# YSL lipsticks



## lojical1 (Aug 9, 2012)

Hi ladies! I've been thinking of treating myself to a ysl lipstick but can't decide on which shade to get. I tried a couple on last year but don't remember which I liked out of forbidden burgundy or exquisite plum. If you have either shade, or another shade a brown girl may look good in, please post a picture    Also, if you have either shade, how does I compare to MAC rebel?


----------



## CartoonChic (Aug 9, 2012)

I don't have Forbidden Burgundy or Exquisite Plum yet, but I highly recommend Rouge Pur Couture #39 Pourpre Divin. It's a gorgeous purple! I have it and LOVE it. 
	

	
	
		
		

		
			





  	This woman is wearing it in these pics.
  	http://fashionbombdaily.com/2011/12/05/claires-life-hellobeautiful-coms-women-in-the-workplace-workshop/


----------



## lojical1 (Aug 9, 2012)

Thanks! That color is super gorg on her!


----------



## CartoonChic (Aug 9, 2012)

I've treated myself to YSL only recently myself, and Chanel. I got my lipsticks last month. I only have Pourpre Divin and RPC Golden Lustre #101 Violet Singulier at the moment. Violet Singulier is pretty, but it's darker and more sheer. I like to layer it over Pourpre Divin. I haven't tried the YSL Volupte or Volupte Perles yet, but I think Exquisite Plum will be the next one I get. I'm having a hard time finding swatches on WOC.


----------



## lojical1 (Aug 9, 2012)

Exactly! I'll be sure to post pics whichever one I get


----------



## Philipppally (Aug 10, 2012)

so good! Thank you for sharing!


----------



## CartoonChic (Aug 12, 2012)

I swatched Forbidden Burgundy on my hand yesterday and it's gorgeous! It jumped to the top of my YSL wishlist and I ordered it today. I'm excited to try my first Rouge Volupté. I can post a comparison swatch to Rebel when I get it.


----------



## lojical1 (Aug 12, 2012)

Thank you so much cc!  Can't wait to see them side by side.


----------



## lojical1 (Aug 22, 2012)

Hey cartoonchic, did you get your forbidden burgundy in yet? I thought about ordering it online with some other cosmetics recently but I figured it would melt by the time I got it.


----------



## CartoonChic (Aug 22, 2012)

lojical1 said:


> Hey cartoonchic, did you get your forbidden burgundy in yet? I thought about ordering it online with some other cosmetics recently but I figured it would melt by the time I got it.
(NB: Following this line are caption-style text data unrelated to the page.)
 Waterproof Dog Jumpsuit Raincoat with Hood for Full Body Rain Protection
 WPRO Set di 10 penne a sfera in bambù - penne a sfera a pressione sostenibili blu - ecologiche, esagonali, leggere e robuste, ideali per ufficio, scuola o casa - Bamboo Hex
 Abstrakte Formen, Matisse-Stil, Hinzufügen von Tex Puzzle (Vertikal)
	I did! I'm taking pictures today while it's sunny so I can have good lighting. It's been cloudy and raining lately.


----------



## lojical1 (Aug 22, 2012)

Yay! Can't wait


----------



## CartoonChic (Aug 22, 2012)

There's still some overcast today, but I took the pictures anyway. The colors are basically the same, even in the tube! What's different is the texture. Rebel is a Satin formula and Forbidden Burgundy is a Rouge Volupté. The Rouge Volupté formula makes Forbidden Burgundy a lot creamier than Rebel. Almost too creamy for my personal taste. It feels like it melts upon contact with my lips and that it could have the potential to slide around and feather throughout the day. I did a side by side comparison on the lips, too. The colors still look the same, except Forbidden Burgundy is a bit glossier than Rebel. Note that I like to apply my lipstick full force to get the true color. No dabbing for me.
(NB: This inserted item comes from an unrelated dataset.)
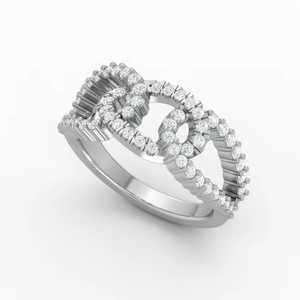 แหวนเพชรดีไซน์โมเดิร์นแบบบายพาสลูปสำหรับผู้หญิง - Product Image 1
  	As much as I love the elegant tube and the prestige of the YSL brand, I think I would select Rebel if I was forced to choose between the two. I think the color would stay in place and last longer since it's not as creamy/slippery/slick as Forbidden Burgundy. Forbidden Burgundy is also my first Rouge Volupté and I'm not sure I'm going to try another one. I think I prefer YSL's Rouge Pur Couture formula over the Rouge Volupté, but I still want to try the Rouge Volupté Perle.
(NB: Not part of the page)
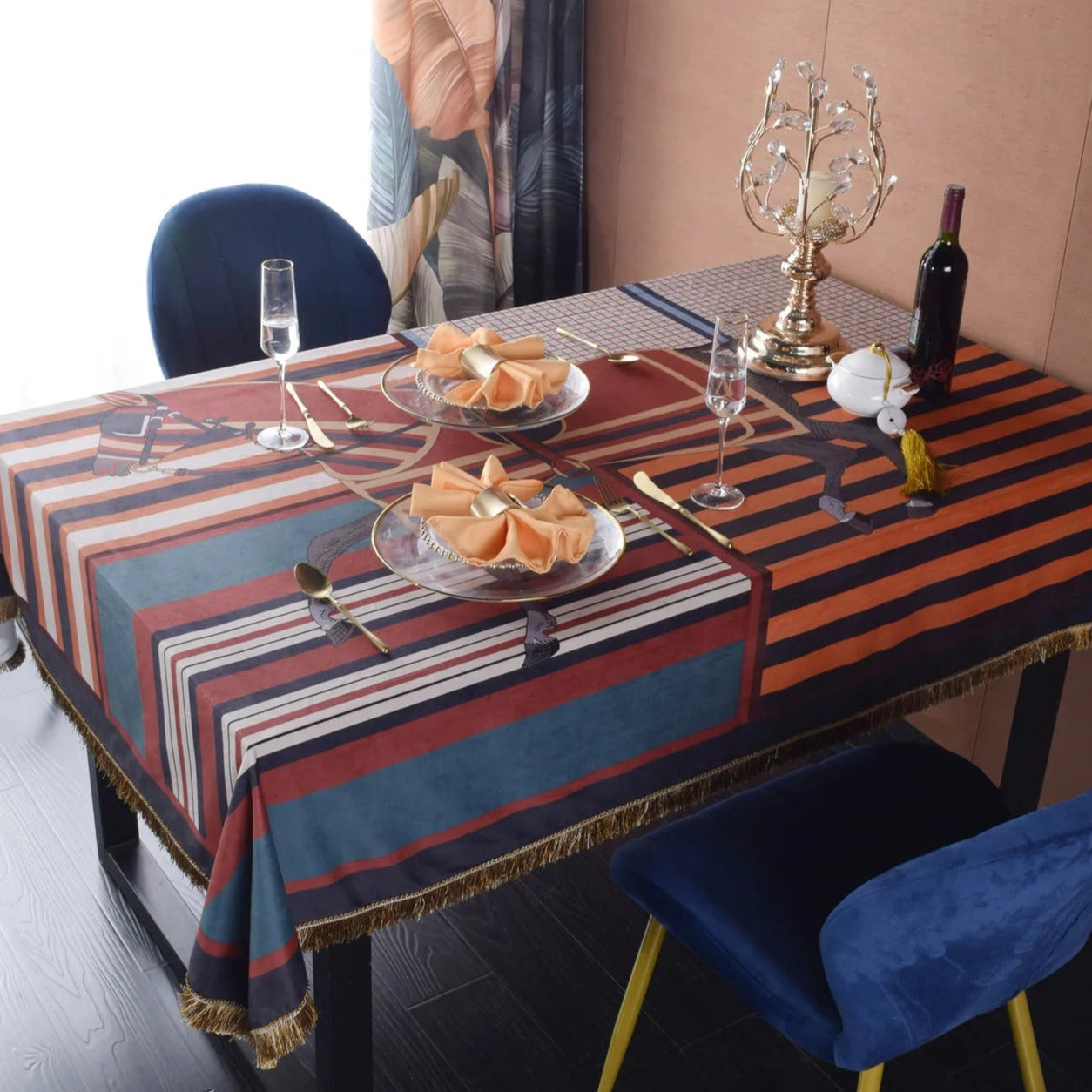 Desana Horse Print Velvet Tablecloth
  	MAC Rebel - YSL 12 Forbidden Burgundy





  	You can see the color is the same.





  	This picture shows the different finishes.





  	The color is the same even in the tube.


----------



## pinkcrush (Aug 22, 2012)

CartoonChic said:


> There's still some overcast today, but I took the pictures anyway. The colors are basically the same, even in the tube! What's different is the texture. Rebel is a Satin formula and Forbidden Burgundy is a Rouge Volupté. The Rouge Volupté formula makes Forbidden Burgundy a lot creamier than Rebel. Almost too creamy for my personal taste. It feels like it melts upon contact with my lips and that it could have the potential to slide around and feather throughout the day. I did a side by side comparison on the lips, too. The colors still look the same, except Forbidden Burgundy is a bit glossier than Rebel. Note that I like to apply my lipstick full force to get the true color. No dabbing for me.  As much as I love the elegant tube and the prestige of the YSL brand, I think I would select Rebel if I was forced to choose between the two. I think the color would stay in place and last longer since it's not as creamy/slippery/slick as Forbidden Burgundy. Forbidden Burgundy is also my first Rouge Volupté and I'm not sure I'm going to try another one. I think I prefer YSL's Rouge Pur Couture formula over the Rouge Volupté, but I still want to try the Rouge Volupté Perle.   MAC Rebel - YSL 12 Forbidden Burgundy
> 
> You can see the color is the same.
> 
> ...


I have and LUV Rebel!!! TEAM MAC lol


----------



## CartoonChic (Nov 11, 2012)

I have a new YSL lipstick in the shade 8 Belle De Rose. It's the Rouge Pur Couture formula, so I don't have any issues with it like I did with the Rouge Volupté formula. I ended up returning Forbidden Burgundy after all.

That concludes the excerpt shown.